The intensified belief system conditioned by structural egalitarianism brought about a rigid
regime of rituals not only for dealing with territorial aspects of land and its chronic shortage,
but also for dealing with mental space when it came to regulating interpersonal conflict. We
established that there was an underlying cosmological order embedded in the concept of
existential personhood. We introduced the idea that the mirror worlds above and below were
egalitarian in nature, in which the world above was seen as a place where a spirit could get
lost, and where healers and sorcerers would fight a 'war'. Similarly egalitarian, we described
the world below as a social mirror-image of this world, in which ancestors were imagined to
have the same personality traits and conflict areas as their living counterparts.

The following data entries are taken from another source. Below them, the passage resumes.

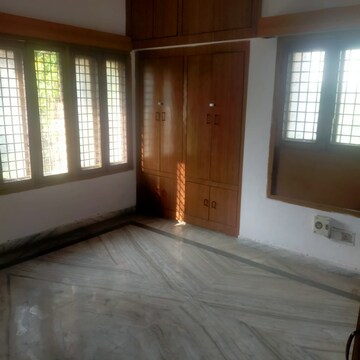 Room in 3 BHK Apartment at Gomti Nagar – for Rent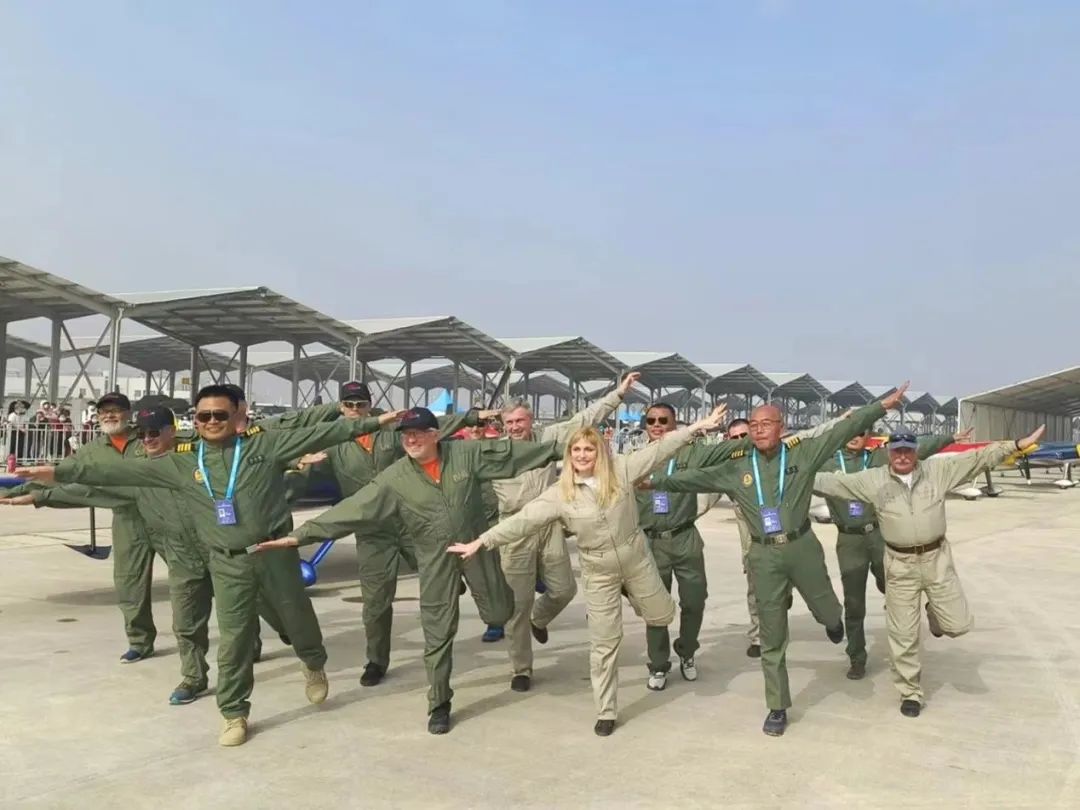 逆势翱翔！8188cc威尼斯航空携手相助同伴亮相2022南昌航行大会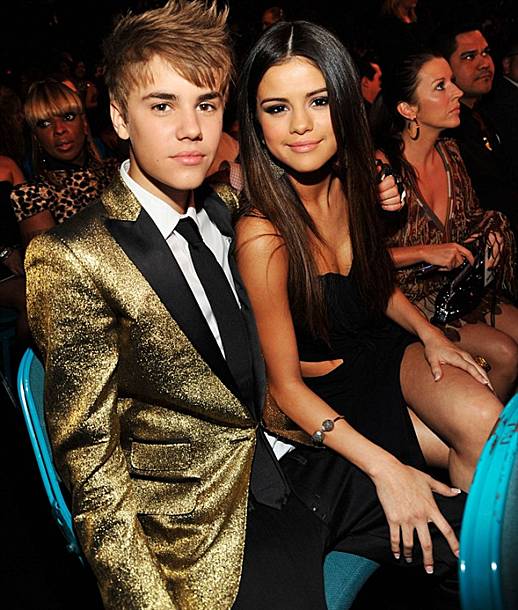 Justin Bieber dan Selena Gomez Bercinta (Berciuman dan Berpelukan) di Billboard Music Awards - FaceLeakz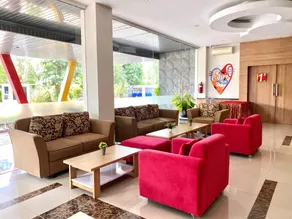 Front One Hotel Nganjuk - Image 5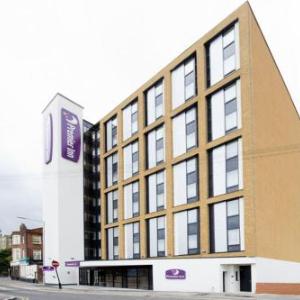 Hotels near Tottenham Hotspur Stadium - Premier Inn London Tottenham Hale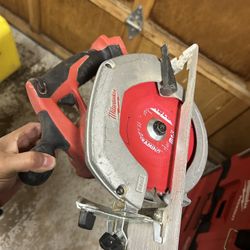 M18 Skillsaw Milwaukee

We hinted that the image of a shadow was possibly a good image for the spirit on the level of
earth as the place of home, not only for the living but also for the dead, while the world above
could be interpreted as a place without shadow where the spirit could become isolated from
the body (vagha). We introduced in that context the Dghweɗe idea of spirithood, and
connected it with the transformational aspect of personhood which expanded beyond humans,
interestingly to socio-economically important organic and non-organic objects of the familiar
environment, objects that mattered for the reproduction and subsistence of local groups. We
mentioned in that context that things could magically appear or disappear or transform.
In the final section we discussed how the belief in witchcraft and sorcery as an integrated part
of spirithood was embedded in the local justice system, by referring to an early colonial
source and also to some of our own data of the Gwoza hills. We combined these with a
Dghweɗe example, and showed that the proclamation of innocence was at the very root of an
established pre-colonial system of judging by ordeal. We used a legendary account to show
how cursing appeared in the oral history of the later pre-colonial past, by citing the example
of Bughwithe, the mother of Vaghagaya, and suggested that the story might have been linked
to competition between females in their role as first wives and mothers of a seventh born son
(thaghaya). In the next chapter we will discuss the oral history of the worldview and
cosmology of the Dghweɗe, and attempt to describe what we refer to as their historical
localised flat-earth cosmography, which we think cognitively underlies the orientational ideas
around existential personhood presented in this chapter.